SOURCE MATERIAL =>
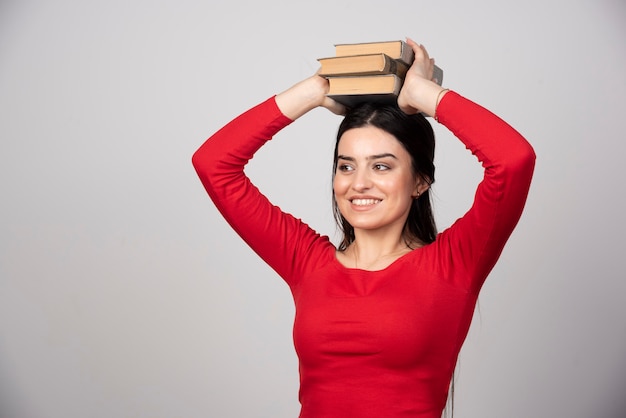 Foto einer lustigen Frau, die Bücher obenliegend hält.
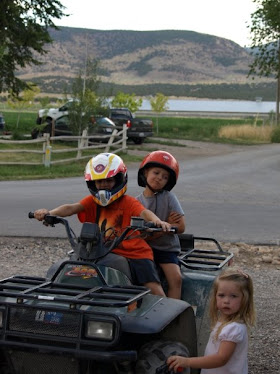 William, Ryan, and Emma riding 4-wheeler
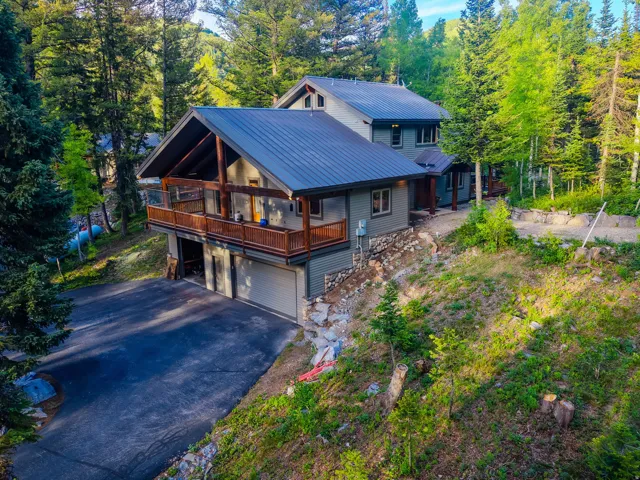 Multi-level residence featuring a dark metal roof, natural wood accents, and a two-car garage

* * *

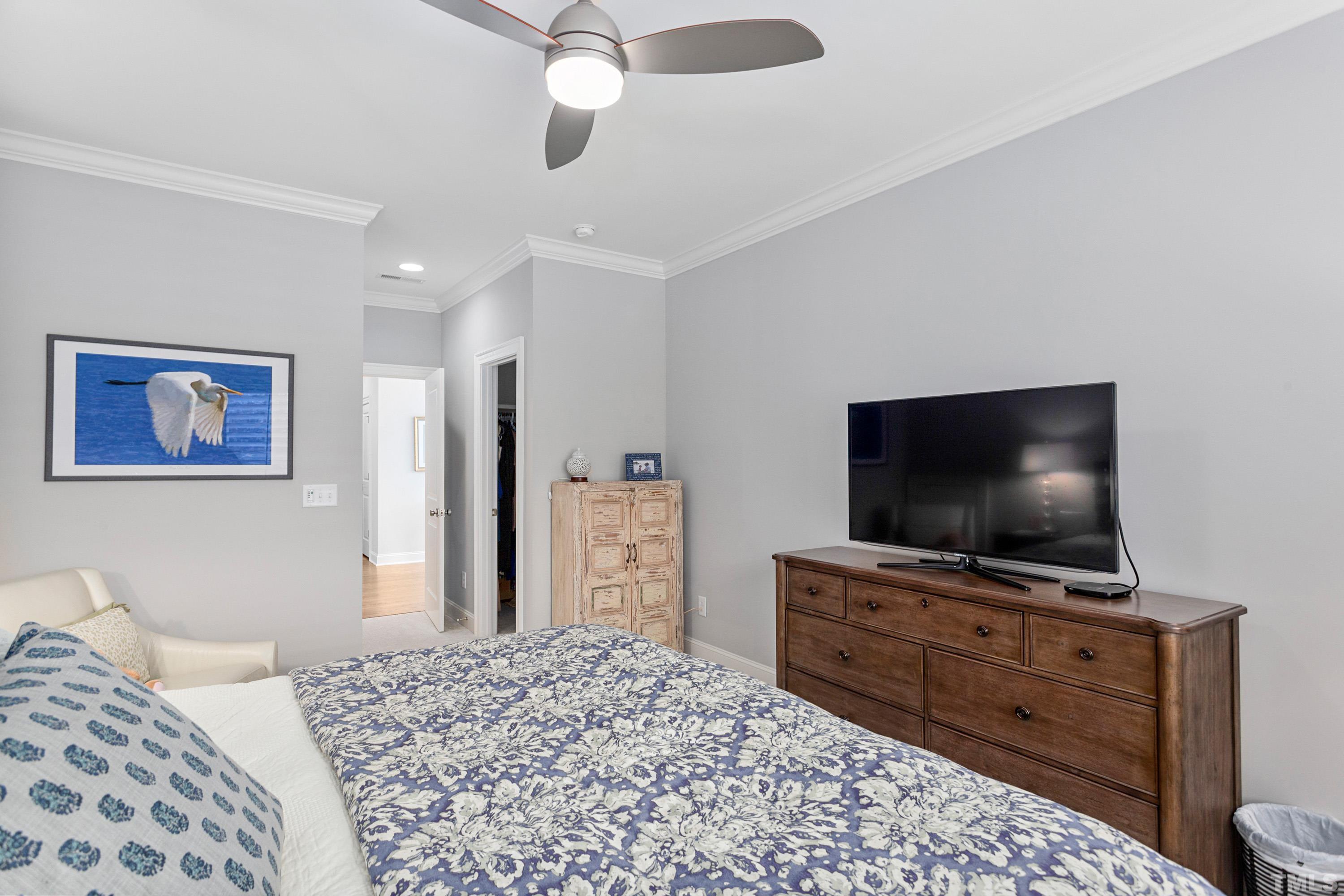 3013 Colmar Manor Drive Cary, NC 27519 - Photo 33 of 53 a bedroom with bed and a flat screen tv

TASK DETAILS =>
Among the entries above, locate the line with "William, Ryan, and Emma riding 4-wheeler" and the line with "Multi-level residence featuring". Give those two lines and all lines between them again, exactly, leaving out the pictures.

TASK SOLUTION =>
 William, Ryan, and Emma riding 4-wheeler
 Multi-level residence featuring a dark metal roof, natural wood accents, and a two-car garage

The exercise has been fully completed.